-- EXERCISE --
After finding the line with "MASUMA MW11525 - Mozzo ruota autozon.pro" in the entries below, retype exactly each line from there through the line with "5.15 Public Relations Strategies", including that final line.
[RECORDS SUPPLIED]
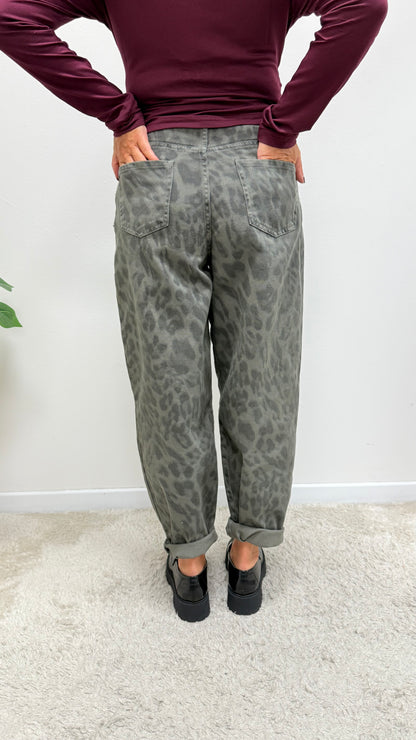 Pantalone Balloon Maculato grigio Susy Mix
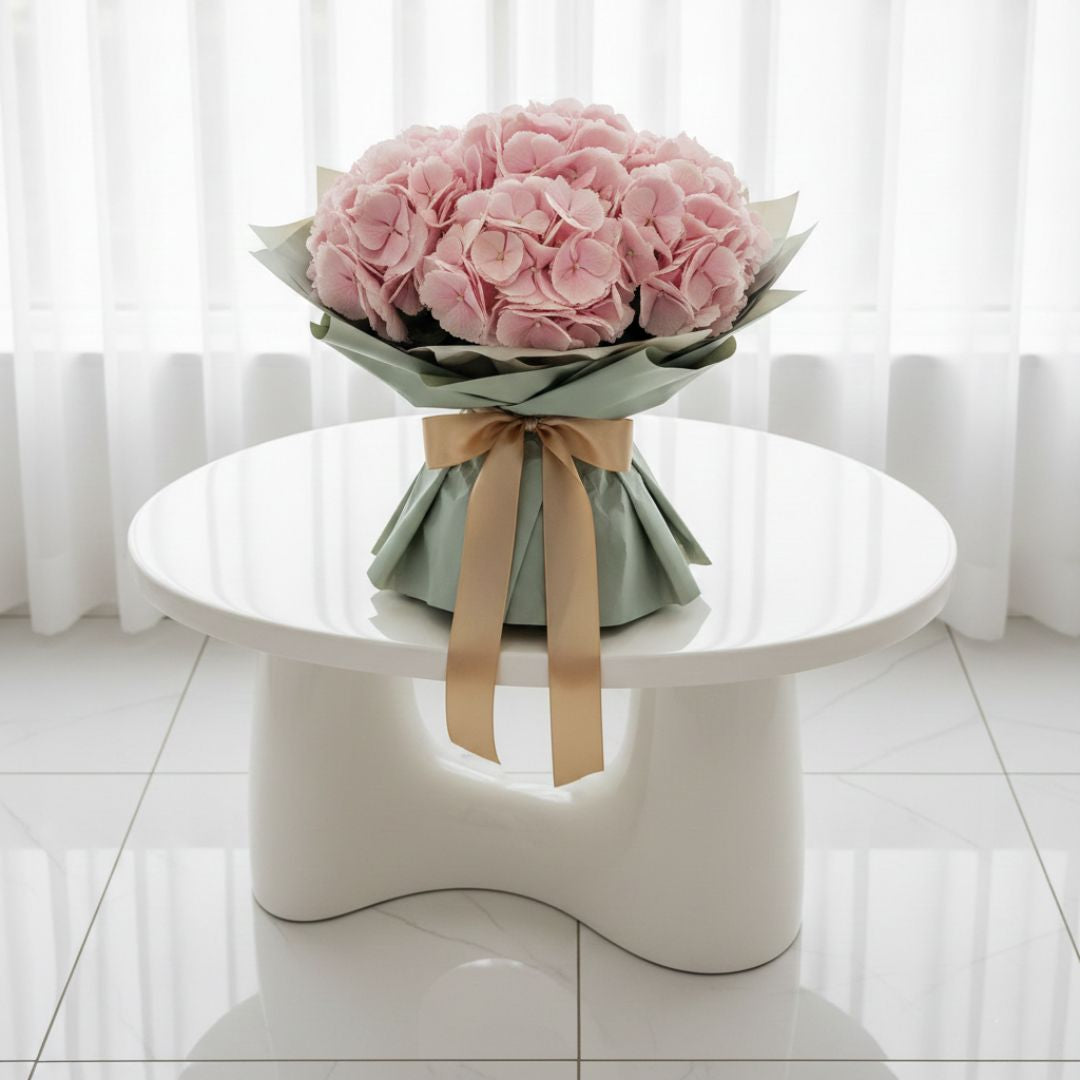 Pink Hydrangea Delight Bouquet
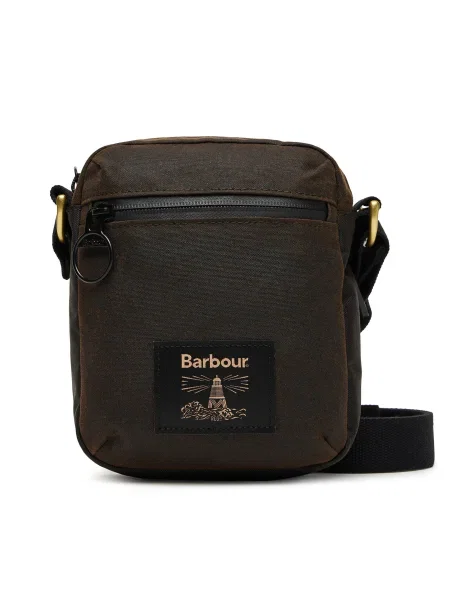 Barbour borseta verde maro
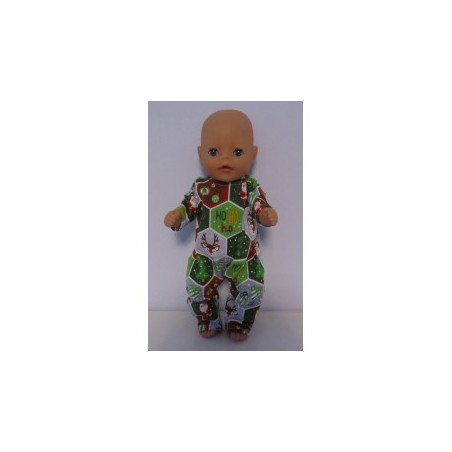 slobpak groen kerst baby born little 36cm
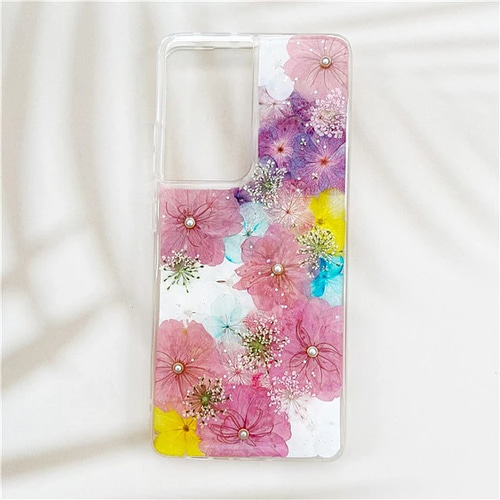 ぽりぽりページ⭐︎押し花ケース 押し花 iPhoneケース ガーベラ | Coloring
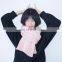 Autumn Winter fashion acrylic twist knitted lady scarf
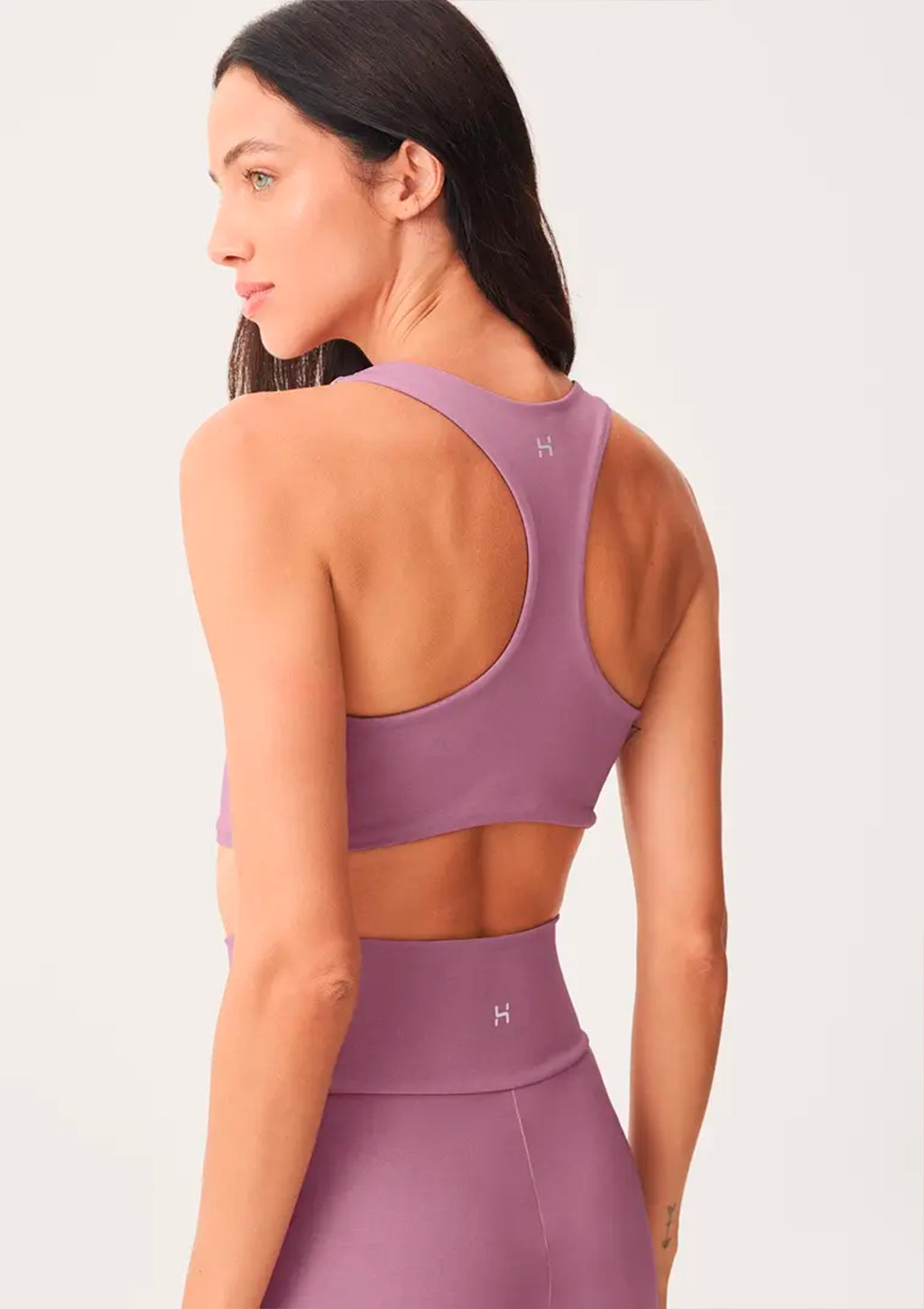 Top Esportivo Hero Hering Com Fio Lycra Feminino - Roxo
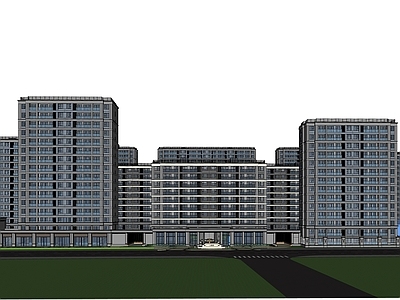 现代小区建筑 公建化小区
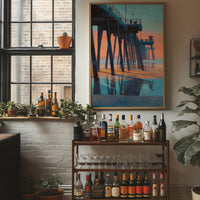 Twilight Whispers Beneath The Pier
[/RECORDS SUPPLIED]
[RECORDS SUPPLIED]
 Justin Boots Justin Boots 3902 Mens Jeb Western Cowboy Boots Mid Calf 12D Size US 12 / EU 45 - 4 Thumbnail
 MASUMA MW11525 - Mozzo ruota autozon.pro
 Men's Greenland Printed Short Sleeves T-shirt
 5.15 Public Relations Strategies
[/RECORDS SUPPLIED]
-- ANSWER TO THE EXERCISE --
 MASUMA MW11525 - Mozzo ruota autozon.pro
 Men's Greenland Printed Short Sleeves T-shirt
 5.15 Public Relations Strategies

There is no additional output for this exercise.